Il tempo, grande tema di questo nuovo libro di Daniela Attanasio, si dilata, rallenta il suo respiro allungando il verso in una quasi prosa, ma proprio dove sembra cedere al puro dettato del quotidiano, della poesia mantiene lo scarto: apre strappi, fessure del pensiero e del metro, rompe la regola del tempo svelandone un rovescio. La memoria, come sintassi umana del tempo, è il grande movimento che anima questo libro, accade anche tipograficamente: nei buchi del fiato e della mente che diventano punteggiatura, spazi raddoppiati come lunghe pause di una partitura. Daniela Attanasio mostra il gesto di una memoria che, mentre cede, paradossalmente tocca del tempo una misteriosa fenditura: accoglie l’invisibile di una parvenza fantasmatica. Attanasio compone un curioso canzoniere d’amore in differita, più lieve degli Xenia, segnato da un’onirica trasparente ironia. Un dialogo spostato sotto il tempo in cui la morte – in un libro che la nega fin dal titolo – continuamente scivola sulla pelle come un vento leggero. Sulla tavola, sul pavimento, sul marciapiede della normalità Attanasio lascia cadere domande aperte; talvolta, come in Wislawa Szymborska, l’apparenza affabile apre a tradimento scompensi del pensiero. Meno lucida della grande poeta polacca, meno tagliente di Patrizia Cavalli, Attanasio porta sulla tastiera dell’ironia lo straniato guardare di Elizabeth Bishop e della sua Amelia Rosselli, in esso lascia giocare una sua incantata sprezzatura. Il passo di Attanasio tra le cose della vita porta in sé l’incertezza dell’inciampo, la trasforma in ritmo del discorso, in distratta rivelazione. ( Isabella Leardini)

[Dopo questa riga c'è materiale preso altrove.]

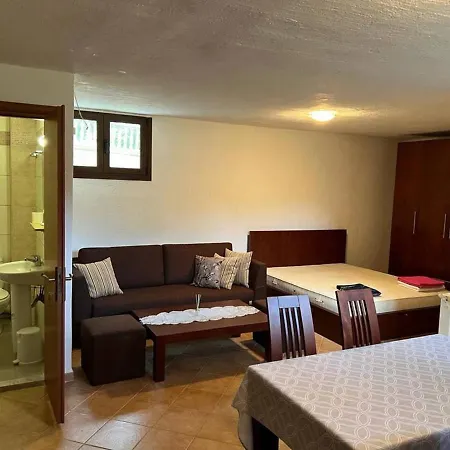 Zeus Viewpoint Villa: Three Floors Of Beauty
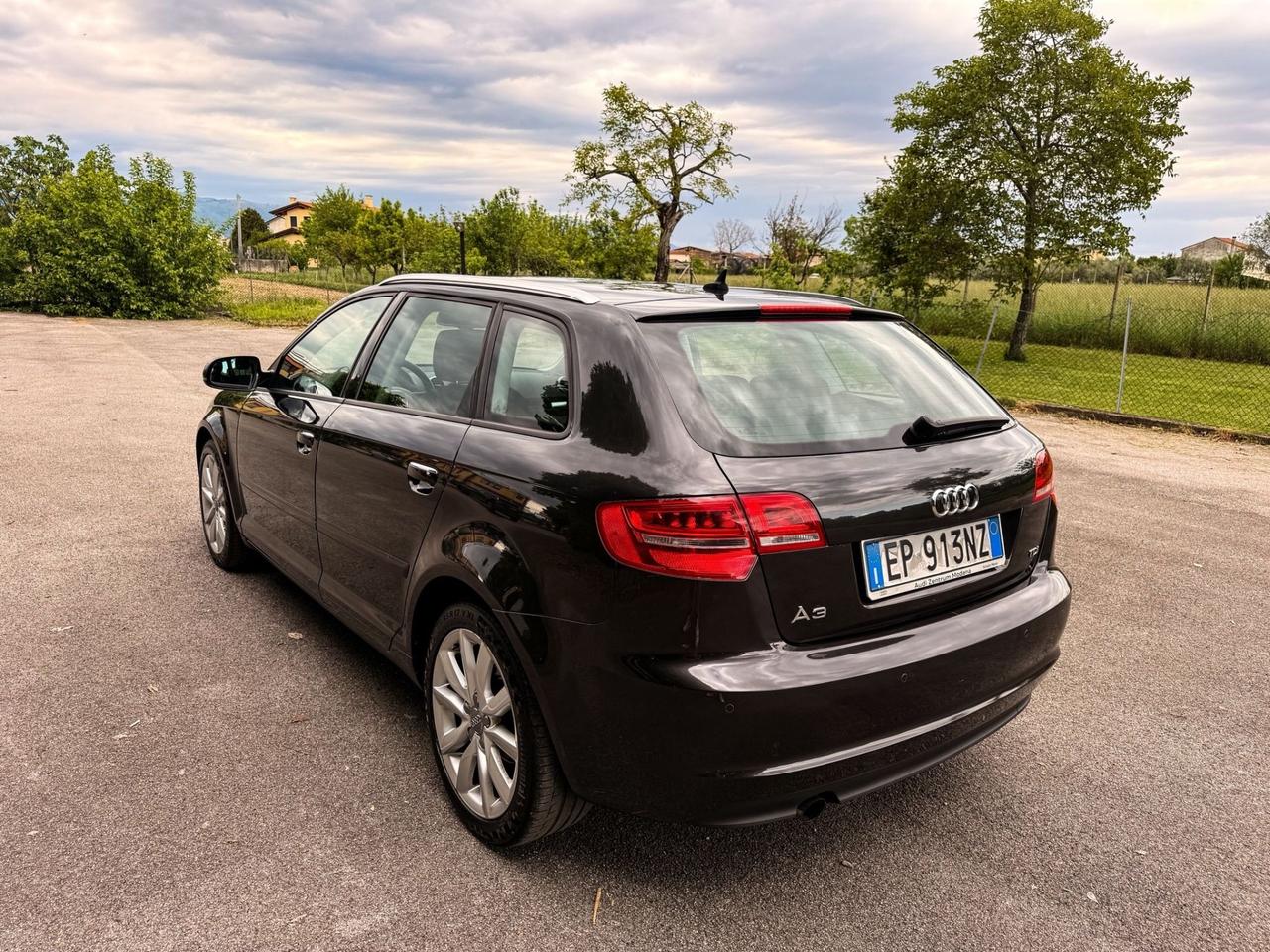 Audi A3 SPB 1.6 TDI 105 CV CR Ambition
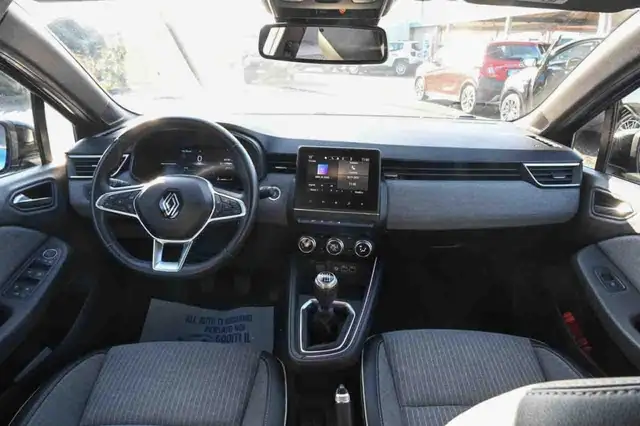 Renault Clio view 11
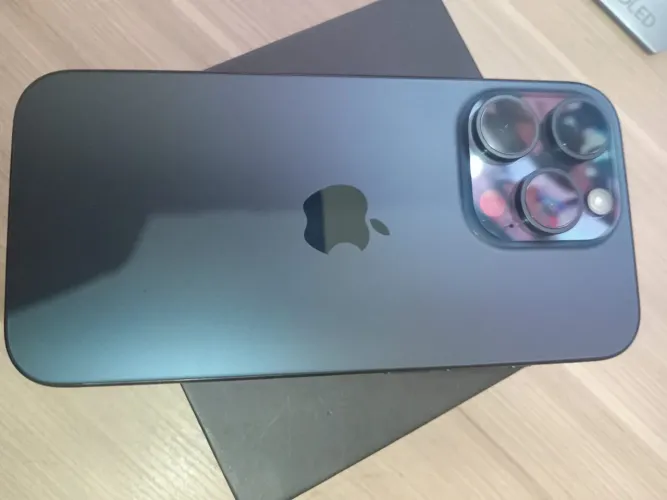 Celular IPhone 15 Pro Max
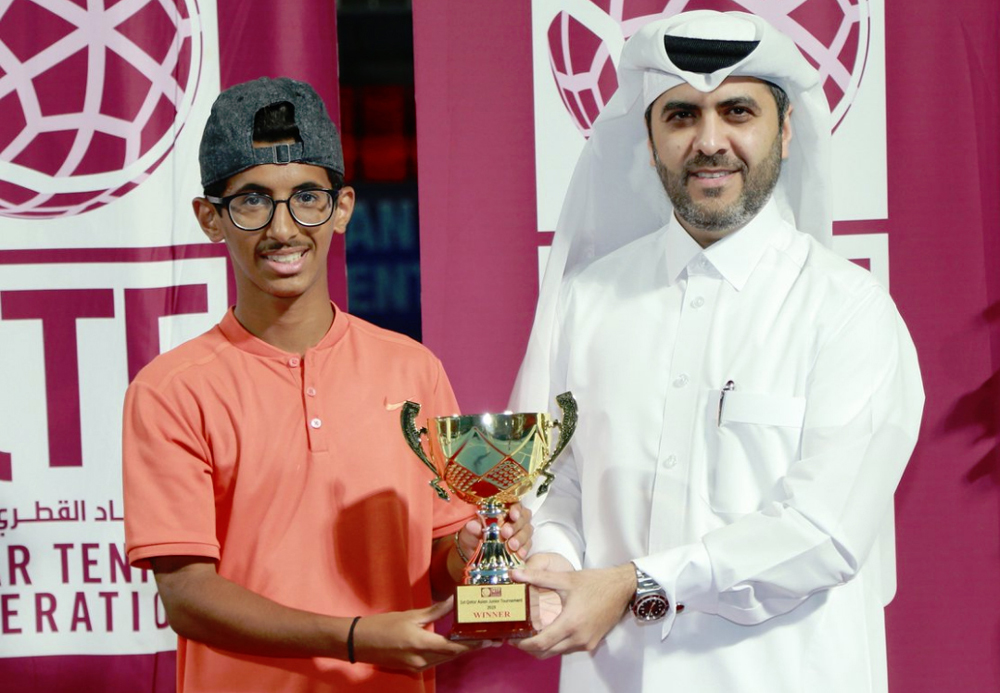 تتويج لاعب المنتخب القطري ناصر اليافعي بلقب البطولة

Daniela Attanasio ha esordito nel 1994 con la raccolta di poesie La cura delle cose. A questa prima pubblicazione hanno fatto seguito i libri: Sotto il sole 1999, Del mio e dell’altrui amore 2005, Il ritorno all’isola 2010, Di questo mondo 2013, Vicino e visibile 2017, Vivi al mondo (Vallecchi, 2023, Premio Strega Poesia Giovani, 2024). Per l’editore Sciascia ha tradotto una scelta di poesie da Love poems di Anne Sexton confluite nel volume La doppia immagine 1989 e per la rivista Galleria ha curato un numero antologico su Amelia Rosselli 1997. Tra i diversi premi ricevuti ricordiamo i più recenti: Premio della Giuria Viareggio-Rèpaci 2013, Premio Eugenio Scalfari per la poesia 2024, Premio Arenzano Lucia Morpurgo Rodocanachi 2024. Come critica ha collaborato per alcuni anni con la rivista letteraria Leggere (Archinto) e con il quotidiano il Manifesto. Sue poesie sono presenti in numerose antologie fra cui: Poesia Italiana 1970/2000 (Garzanti), Nuovi poeti italiani 6 (Einaudi).